John Lee got his start in the industry in Australia but is now based in Los Angeles. “I work as a First Assistant Editor/ Associate Editor for Lee Smith. We have worked on many films together including five Chris Nolan films. On “Inception” I was additional editor and also did some cutting on “X-Men: First Class.” I love working on huge films but in between I’m happy to work on smaller ones. At the moment I’m cutting an indie feature.”
What got you interested in editing?
I’ve been interested in editing since I studied film at art school many years ago. Then I got sidetracked in the industry for a while. I was a stagehand and an assistant floor manager in television for a couple of years and a best boy/electrician in features, tv commercials – everything really. Along the way I was a DP on some music videos and a short film and I was a gaffer for a while too.
How did you get started in editing?
I decided to move on when a friend of mine was an assistant editor on “Fearless”, the Peter Weir film, and they needed help so I dropped everything and worked with them for free for a while. Then they started paying me a few hundred dollars. I just hunkered down and learned as much as I could. That film was cut on film so I learned how to handle 35mm and all that good stuff.
What is your preferred NLE(s) of choice? Why?
When Lightworks came along I did a few films on that as an assistant and then AVID. AVID seems to have stuck around better and that’s what I use now though I was first assistant on a movie that cut on final cut pro once. I had a very good FCP assistant to help out and I quite enjoyed it. I’ve basically stayed with AVID but I still miss that steenbeck type controller on the Lightworks!
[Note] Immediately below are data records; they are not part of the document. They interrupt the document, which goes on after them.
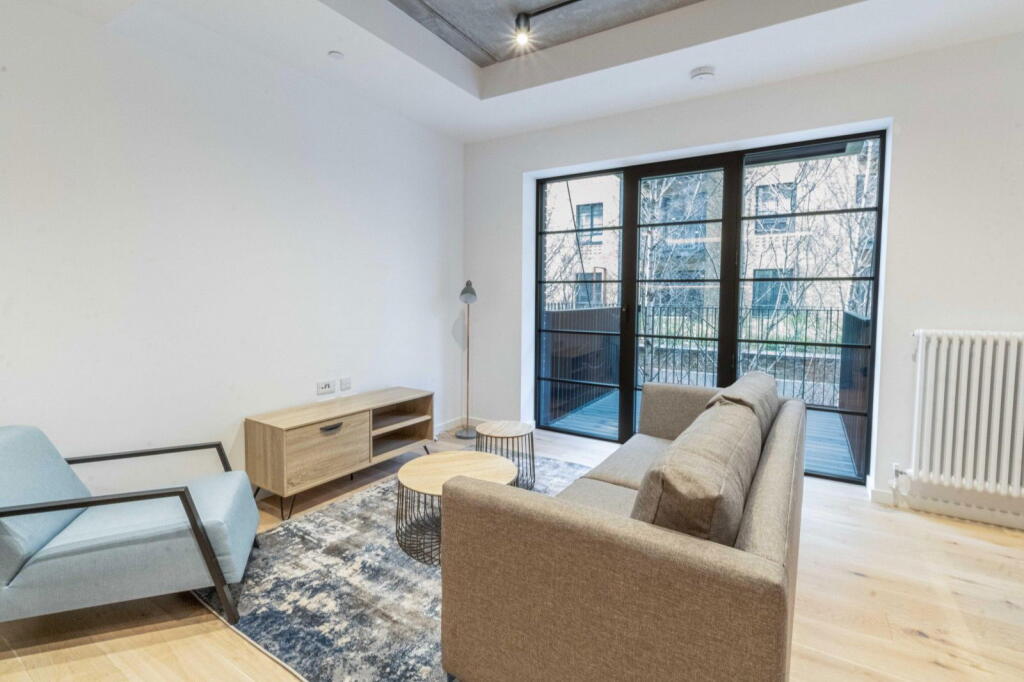 Main image of property: London,E14 0WW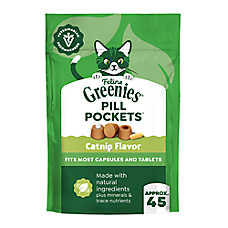 Greenies Feline Pill Pockets For Cats, Soft Cat Treats, Catnip Flavor, 1.6 oz Pouch, 45 Count
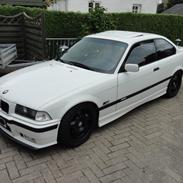 BMW E36 318IS Coupe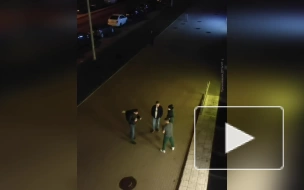 Под Петербургом ночью выпивший мужчина  костылями избил доставщика еды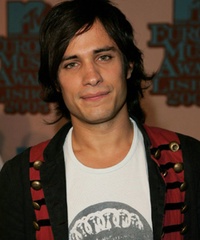 Gael Garcia Bernal sur la croisette pour parler de ses futurs projets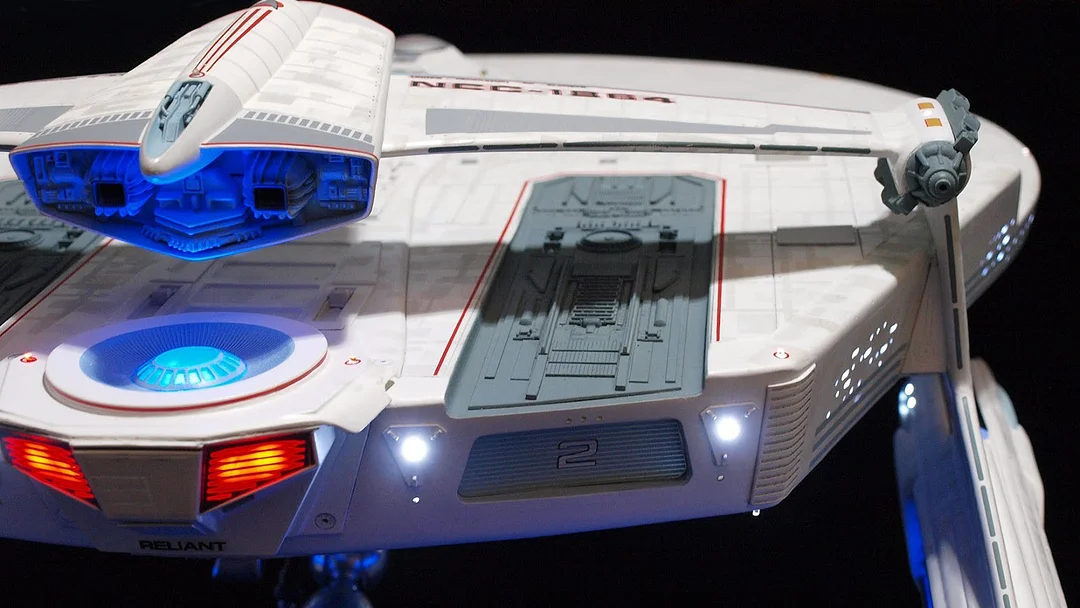 U.S.S. Reliant 1:350 Scale Set Prop Replica Model with lights - Free shipping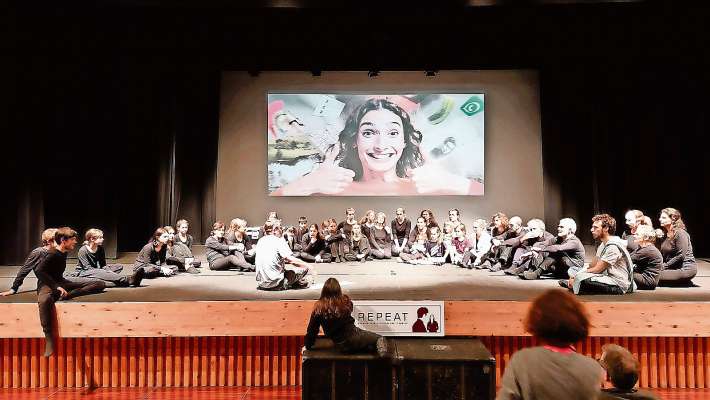 El laoro de ra asociazion Repeat par el teatro in Anpezo e ca pede.
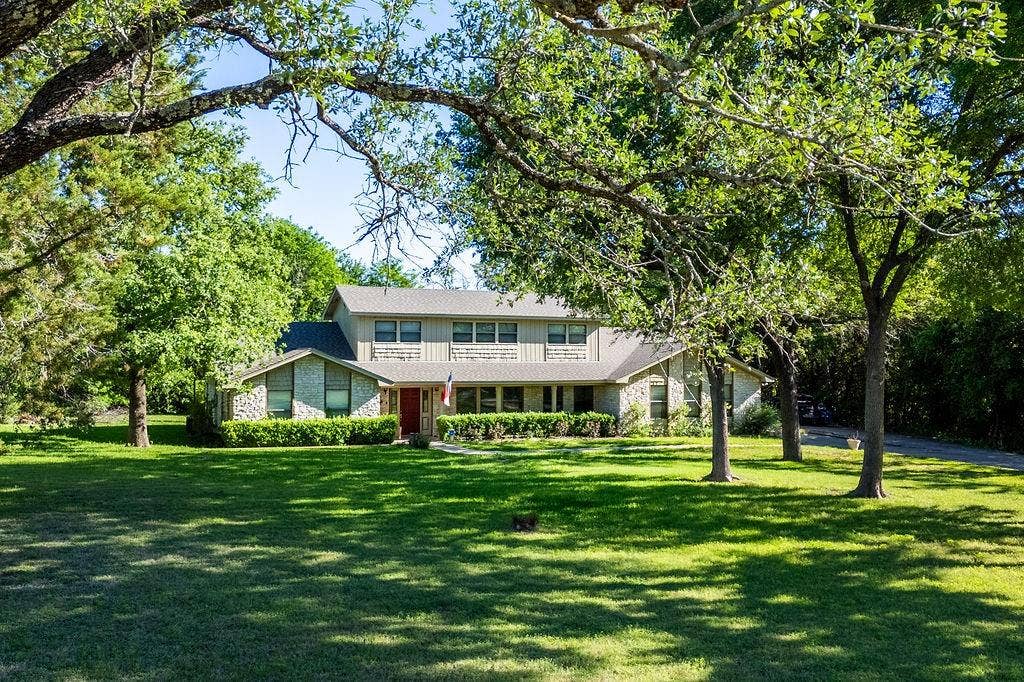 663 Coxs Oak Valley Road, Waco, TX 76705 663 Coxs Oak Valley Road, Waco, TX 76705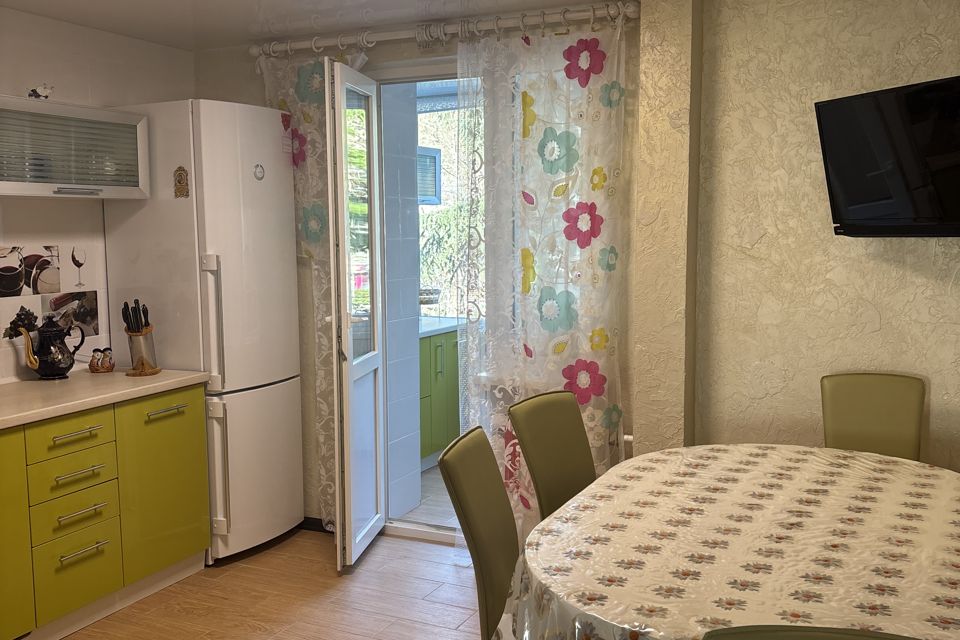 3-х комнатная квартира в центре Ялты для большой компании.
Give us a run through of your editing process
I’m really feeling my way as an editor because I’ve been a first assistant for a long time so I don’t know if what I do is right. Certainly I cut on “Inception” for about 5 months while the editor I work with was unavailable. It turned out okay. I generally join all the dailies together in a sequence and watch the whole thing. I read the script to remind myself where the scene goes and what it’s about. Then I don’t agonize too much about how to start the scene I just start somewhere and cut it so that everyone who speaks is on camera which is then obviously too cutty but from there I know the scene works and I go through and finesse it – overlapping dialogue and things like that. Sometimes it’s better to be on a reaction of another character rather than on the person speaking of course. I do all that and generally hate it so I go home feeling awful. In the morning I look at it and find it wasn’t that bad after all and, having had a rest, I can easily fix the clunky bits from the day before. Then I just keep revisiting the scene every few days to make it better.
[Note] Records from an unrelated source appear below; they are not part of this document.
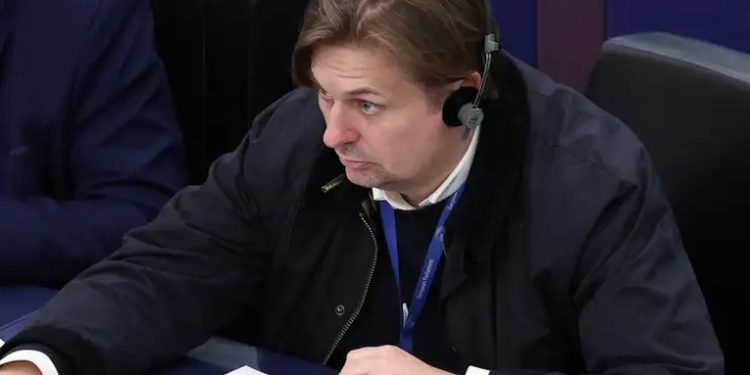 Ultraderecha en la Eurocámara expulsa a AfD tras escándalos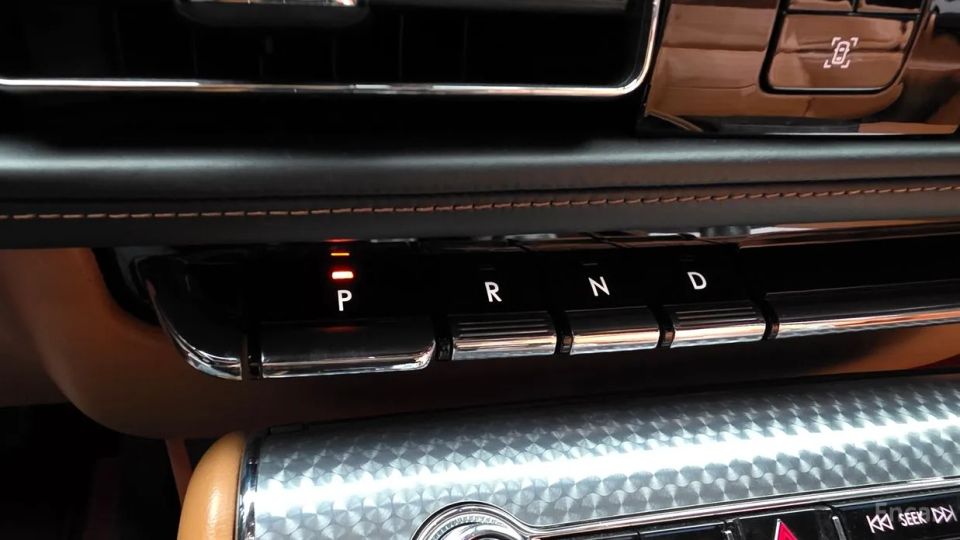 Lincoln Aviator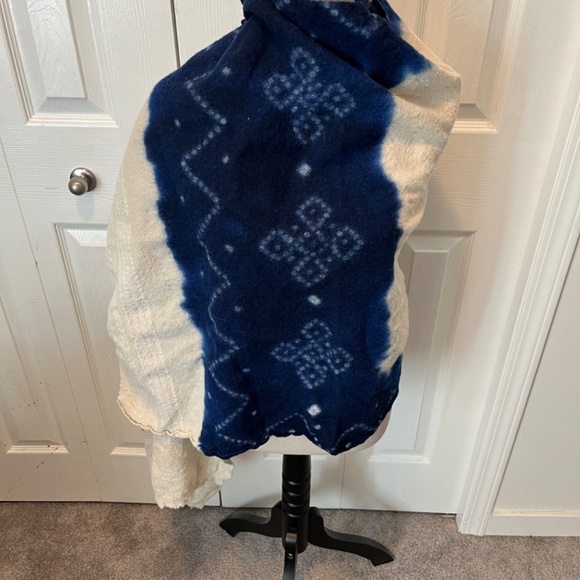 Women’s wool scarf - Picture 10 of 10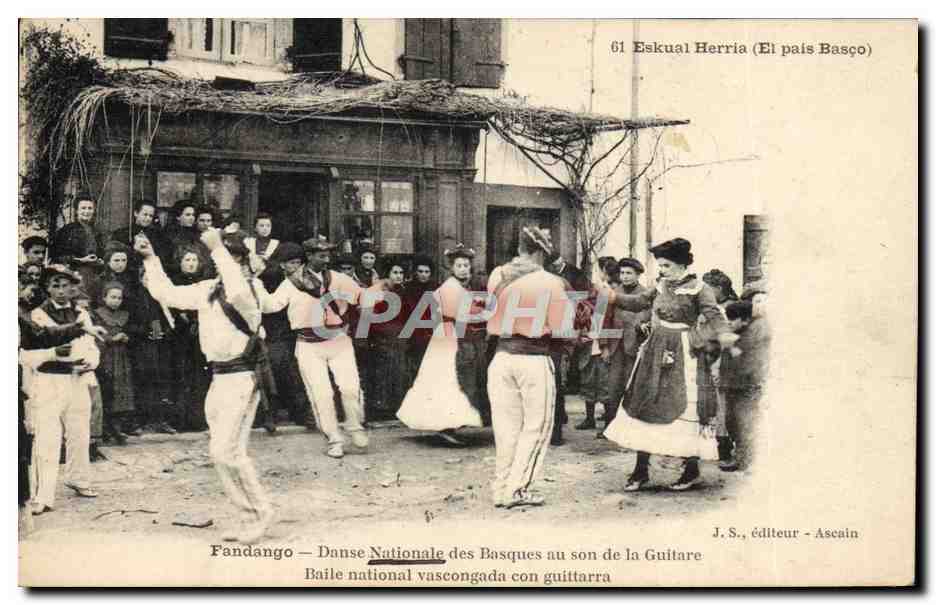 CPA Folklore Fandango Danse nationale des basques au son de la guitare 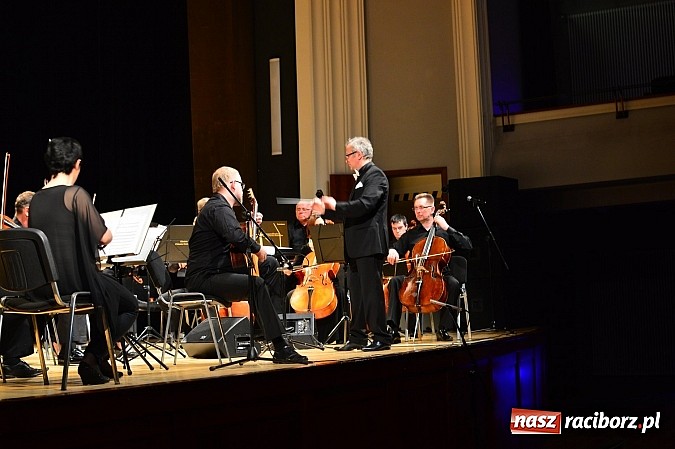 Zdjęcie w galerii na portalu naszraciborz.pl: Gliwicka Orkiestra Kameralna zagrała w RCK  wiadomości z regionu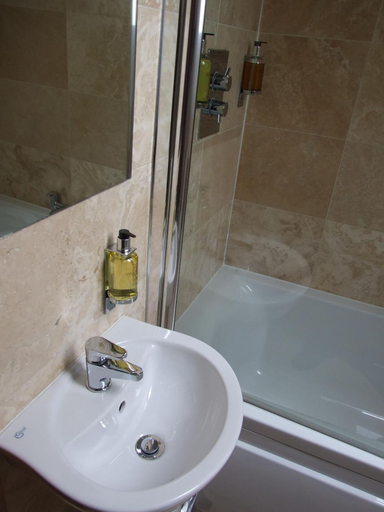 Bathroom 4, Cambridge House, Edinburgh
What tips were you given that was really helpful?
The best tip I got was from my father-in law, Bob Jones, who used to cut for Hal Ashby and Warren Beatty amongst others. He said ” cut to what you want to see, when you want to see it.”
How organized are you?
I’m very organized because that is how you have to be as an assistant. It helps to have tested everything at the start of the show and to save all your settings and organize your workspace so you can find things easily.
Can you work without a script, finding the story and building it on your own?
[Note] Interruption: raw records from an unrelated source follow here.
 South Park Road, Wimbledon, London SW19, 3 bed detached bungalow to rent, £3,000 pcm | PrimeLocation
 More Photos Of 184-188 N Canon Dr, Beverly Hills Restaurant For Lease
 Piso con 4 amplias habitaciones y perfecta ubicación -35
I haven’t really tried to work without a script but by the same token if the footage is going a different way than the script I’ll go that way.
What is your favorite film? Favorite Tv show?
My favorite films include the Bourne films, “Bladerunner” and “The Thin Red Line.” my favorite TV includes “Justified”, “The Walking Dead”, “Life”, “Southland”, “The Sopranos” and “Six Feet Under.”
What style of editing have you done? (Narrative/Documentary/News/Corporate/Wedding/Etc)
I work on features mainly. I was Associate Editor on THE DARK KNIGHT RISES and First Assistant Editor on BATMAN BEGINS, THE PRESTIGE and THE DARK KNIGHT amongst others. I was Additional Editor on INCEPTION and X-MEN: FIRST CLASS.
If you could meet any editor, who and why?
I’ve met plenty of editors. I don’t think there are any that spring to mind that I’d like to meet.
What advice can you offer to get through complex edits?
Complex edits should be broken down and you should work on a bit at a time. When I was additional editor on “Inception” my brain could have exploded if I’d stopped to look at the big picture. I focused on individual scenes and just kept adding till it all worked.
Which plug-in(s) do you find most useful? Why?
I like the audio suite plug-ins like D-verb.
How does the director-editor relationship work for you?
I figure it’s the directors film and if they want to do something I don’t agree with then they can.
How do you deal with problem clients/directors?
I try not to take things personally. Directors have a huge weight on their shoulders so if they are sometimes difficult, it’s understandable.
What’s your overall philosophy about editing?
Don’t be confusing. Keep an eye on geography. Keep it simple!
Name one thing that you would tell an aspiring editor
You should make each cut for a reason, not just because you can.